= Sigrid Elschot =

American academic

Sigrid Elschot (born 1971) is a professor in the Department of Aeronautics and Astronautics at Stanford University. Her primary research interest is the space environment with particular focus on meteoroids, meteors, and orbital debris, and their interaction with spacecraft and spacecraft operations.

==Career==
Professor Elschot's research at Stanford University explores the effects of space weather on spacecraft and the role of electromagnetic waves in satellite communications. Her work supports space situational awareness by advancing remote sensing techniques using both satellite-based sensors and ground-based radar. She investigates plasma interactions relevant to signal transmission, as well as hypervelocity impacts on spacecraft using experimental methods such as dust accelerators and light-gas guns, complemented by Particle-In-Cell simulations. Additionally, she utilizes radar observations to study space debris and meteoroid populations and examines hypersonic plasma phenomena associated with atmospheric re-entry.

Prior to joining Stanford, she was a technical staff member at MIT Lincoln Laboratory and a project leader at Los Alamos National Laboratory. She was a member of two National Research Council panels, in 2010 examining options for detecting and countering near-Earth objects, and in 2011 assessing NASA's meteoroid and orbital debris programs. She also has contributed to the Hoover Institution through involvement in panels on national security and as a subject matter expert in space for their Stanford Emerging Technology Review.

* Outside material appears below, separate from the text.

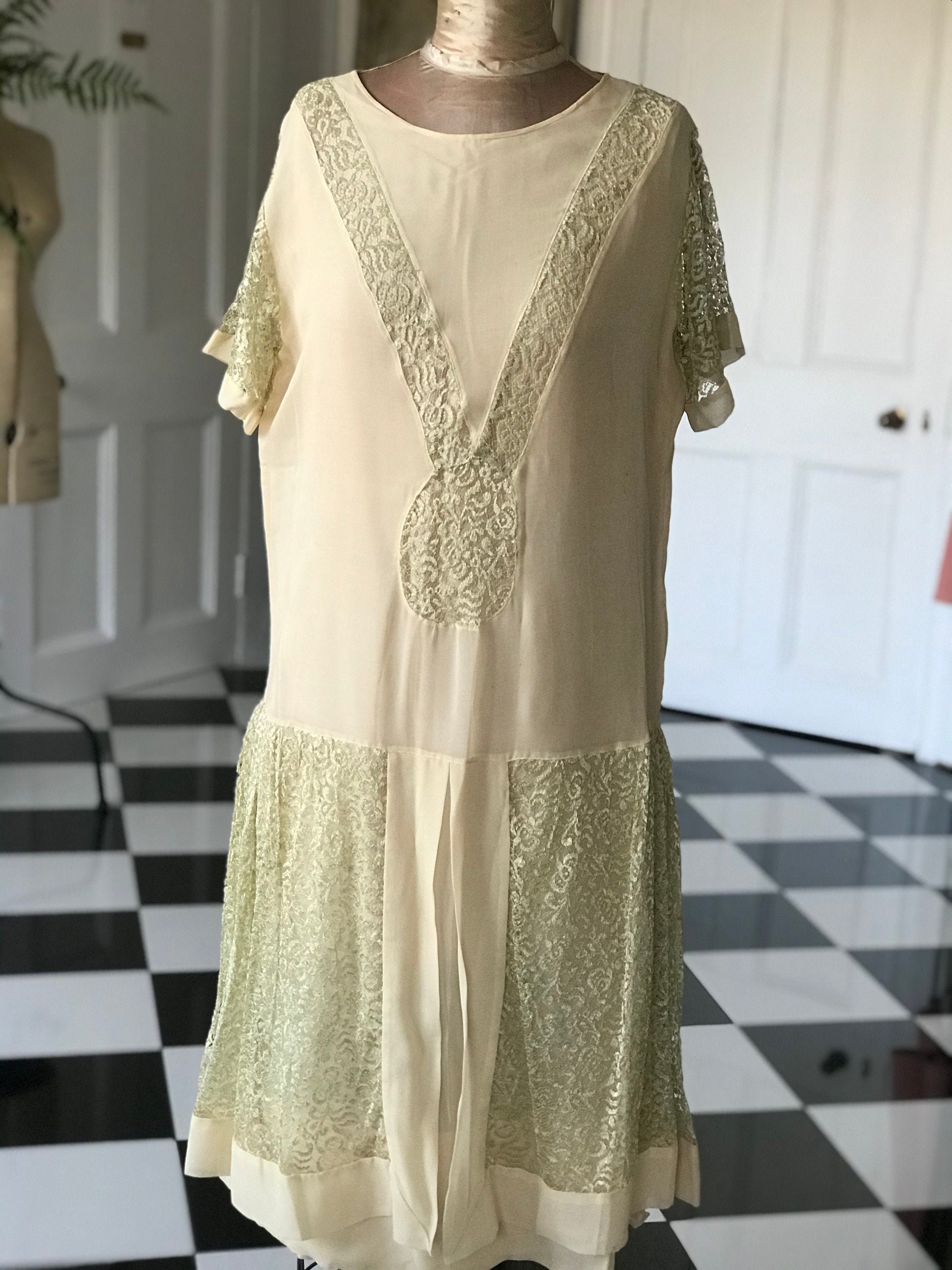 Image of Antique S Flapper Art Deco Silk & Lace Dress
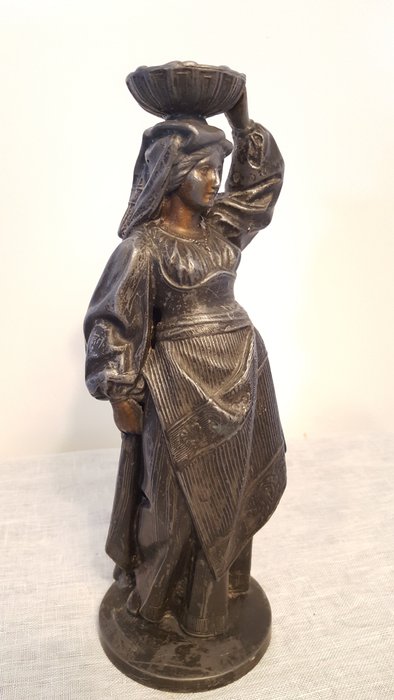 Chandelier modelé comme une figure féminine debout - En alliage - Fin du XIXe siècle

In 2018 she was selected as a NIAC fellow for her research titled "Meteoroid Impact Detection for Exploration of Asteroids (MIDEA)", and in 2021 she was selected as a NIAC fellow for her research titled "Exploring Uranus through Sustained CubeSat Activity Through Transmitted Electromagnetic Radiation (SCATTER)". These studies explore mission concepts for potential exploration of asteroid composition and ice giant magnetospheres using swarms of small satellites coordinated around a mothership.

==Awards and honors==
- In 2010, she won an NSF Career Award and a Hellman Faculty Fellowship award for her meteor research.
- In 2013 she was selected for a DoE Early Career Award for her work on hypervelocity impact plasmas, and also awarded a Presidential Early Career Award for Scientists and Engineers.
- She was the inaugural Science Guest of Honor at the ArmadilloCon science fiction and fantasy literary convention in 2014.
- In 2017 she was recognized by the American Geophysical Union with the Space Physics and Aeronomy Richard Carrington (SPARC) Education and Public Outreach Award. for significant and outstanding impact on students' and the public's understanding of geophysical science through education and outreach activities.
- Asteroid 11009 Sigridclose, discovered by astronomer Schelte Bus at the Siding Spring Observatory in 1981, was named in her honor. The official was published by the Minor Planet Center on 13 April 2017 (M.P.C. 103977).

==Television==
In 2011, Professor Elschot co-hosted season three of National Geographic Channel's Known Universe documentary series along with David E. Kaplan, Andy Howell, Michael J. Massimino, and Steve Jacobs. She was interviewed on the Nova ScienceNow Can We Make It to Mars? episode in 2011 and the Nova Chasing Pluto special in 2015.